Monday, June 08, 2009

 

Labour's Future in the Balance

So now we have it.
a) Conservatives push Labour into second place in Wales- the worst result for 90 years.
b) Ukip force Labour into third place behind them and in some regions they come fifth after the Greens.
c) The egregious BNP get two MEPs elected for the first time because the low poll and disgust at politicians has opened the door to them.
d) Labour lost every council it contolled in the Thursday local elections.
e) Purnell, Blears, Hutton and Smith resign from Cabinet plus some junior ministers.
f) Brown unable to move Darling from Treasury or Miliband from Foreign Office because he was too weak to risk any retialiatory action after Purnell's bombshell resignation.
g) Labour mustered only 15.3% in Euro-poll and are 20 points adrift of the Tories in some polls.
h) Labour has a prime minister who is a decent and able man but lacks some of the most vital qualities required of a national leader: communication skills, ability to relate to the voter, the ability to win the trust of his colleagues. However bad Balir was at some aspects of his job he never received th criticism Brown has after only two years in office.

Labour and its hapless prime minister could not be in a more enfeebled state but the fact is, by my reckoning, he is likely to stay. The PLP will be meeting in 30 minutes or so but my expectation is that Gordon will receive a grudging green light to stay in power. Why?

a) He has fixed the Cabinet by getting his potential rivals to accpet jobs under him. Johnson even says he couldn't do better than Brown. With nobody around whom they can coalesce, the rebels cannot go far. If Purnell, Blears and Smith had coordinated their resignations they could have brought him down. The rest, Johnson and Miliband included, lacked the bottle to do what they must know needs doing.
b) The PLP meet to dicuss whether to string Gordon up, but they are not organised and have no strategy; they are more like a directionless rabble.
c) Labour MPs know that a new leader by the end of July would mean pressure for an election they probably could not resist. So they would be put to the electoral sword just as they were in the local and euro-elections. Staying on will be excruciating, awful, but it will keep the mortgage paid-don't laugh- until 10th May 2009. I suspect this is what a majority of Labour MPs will be thinking.

Of course if they were thinking of the party and the country instead of their own circumstances, they might well think a new leader is depserately needed to provide vision, leadership, inspiration, none of them things likely to be forthcoming from Grodon Brown. I might be suprised by MPs' selflessness and concern for the body politic, but I don't think I will however much I'd like to see it.

Chatting to a US journalist today she asked why, given he was such a masterful political operater, Peter Mandelson had not ben considered? What a brilliant fulfillment of the House of Cards plt with Mandy as Francis Urquart!
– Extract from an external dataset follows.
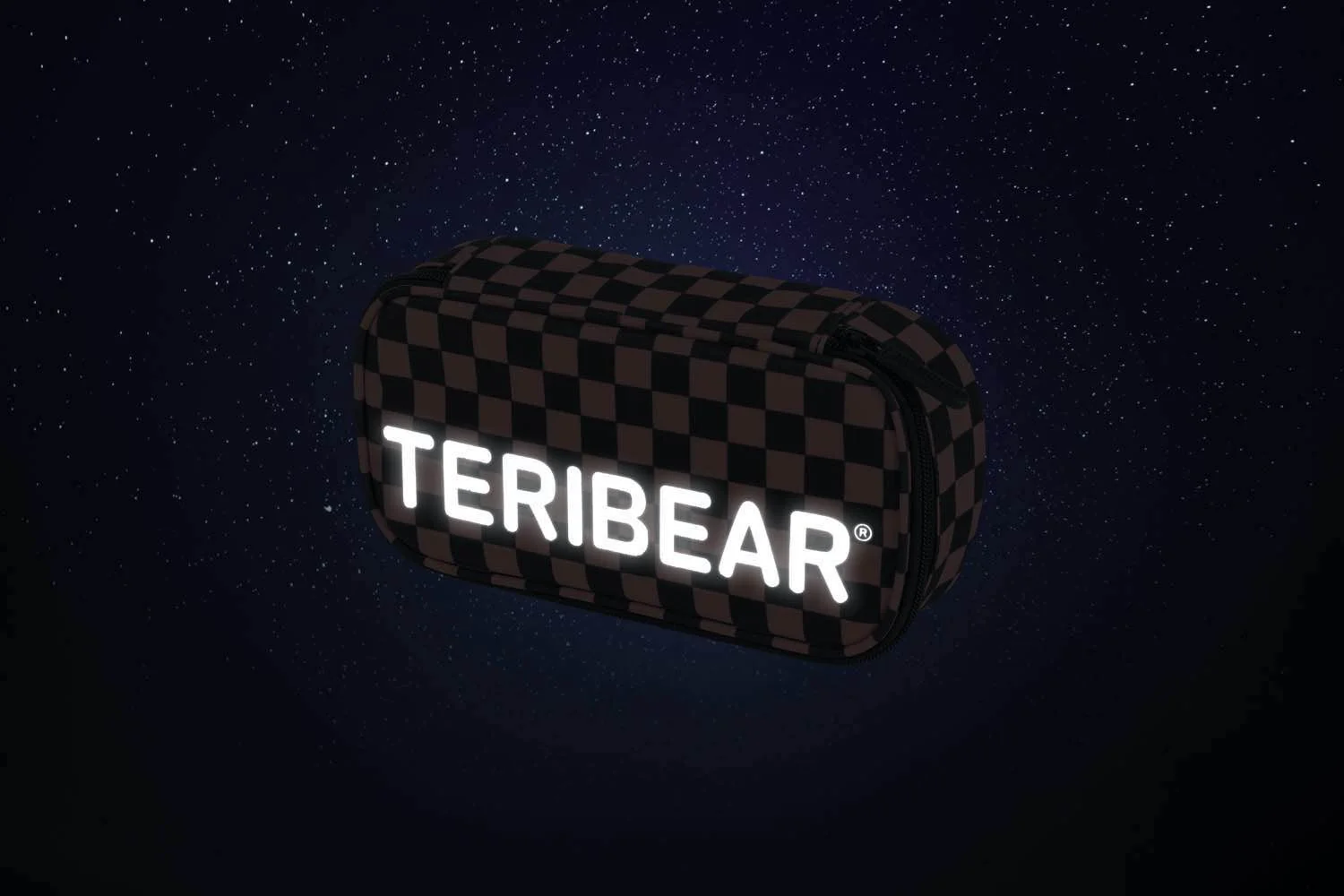 Baagl školský peračník Skate TERIBEAR, čierno-červený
I had to explain he was too widely hated in the PLP to stand an earthly but reckoned he'd probably navigate Labour more skilfully through its dying months then Gordon will. How depressing is this- but maybe ther PLP meeting will surprise us all. I doubt it.

Comments:
Bill Jones - Saturday 6th June:
"Many think they will turn on Brown and turf him out, good riddance. They may well do so but I tend to agree with Mandy that this would be unwise. An election process will probably not play well with voters and it will be very hard to resist calls for an early election.

If that comes, Labour will be out for a generation. If they are wise Labour MPs will stick with Gordon- the devil they know- as that way at least they will survive until may 2010. But disillusion with Brown may cloud their judgemment and, as turkeys they may vote for Christmas."
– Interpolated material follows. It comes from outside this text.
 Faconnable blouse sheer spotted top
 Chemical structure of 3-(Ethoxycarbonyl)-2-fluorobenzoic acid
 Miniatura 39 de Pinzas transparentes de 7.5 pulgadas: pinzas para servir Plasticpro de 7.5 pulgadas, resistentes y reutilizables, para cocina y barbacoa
Bill Jones - Monday 8th June
"If Purnell, Blears and Smith had coordinated their resignations they could have brought him down. The rest, Johnson and Miliband included, lacked the bottle to do what they must know needs doing.... Of course if they were thinking of the party and the country instead of their own circumstances, they might well think a new leader is depserately needed to provide vision, leadership, inspiration, none of them things likely to be forthcoming from Gordon Brown."

Are these two Bill Jones' by any chance related?
 
No Bob it's not a contradiction. As you may have noticed, I have never liked Brown and wanted him out last autumn. My first post was based on a pragmatic estimate of what Labour MPs might see as in their own best interests. My second was a reluctant judgement that they would indeed follow personal interests rather than the best course for the party and the country which is to bite the bullet and choose a new leader. Do you really think Brown is going to lead the party to anything other than a meltdown next May? A fresh leader would limit the damage at least but the Cabinet and the PLP decided to put their own interests first.
 
You say "Labour has a prime minister who is a decent and able man" so perhaps you dismiss the remarks earliuer today from Jane Kennedy, made as she left this rotten government: -

"I’ve been unhappy for sometime about smears against colleagues, about the undermining of colleagues and friends orchestrated by Number 10. I can’t support it and I believe the Labour Party is part of reason for the rejection that people have indicated, and it’s a rejection of that kind of politics. I can’t distinguish between those around Gordon Brown smearing and Gordon Brown himself. It’s how politics is driven forward by Gordon and the people around him."

MacBride acted for Brown fabricating stories about people, even the mental health of wives. Some decency!
 
It is not the leader it's the policies they have none, nor do the rest by the look of it.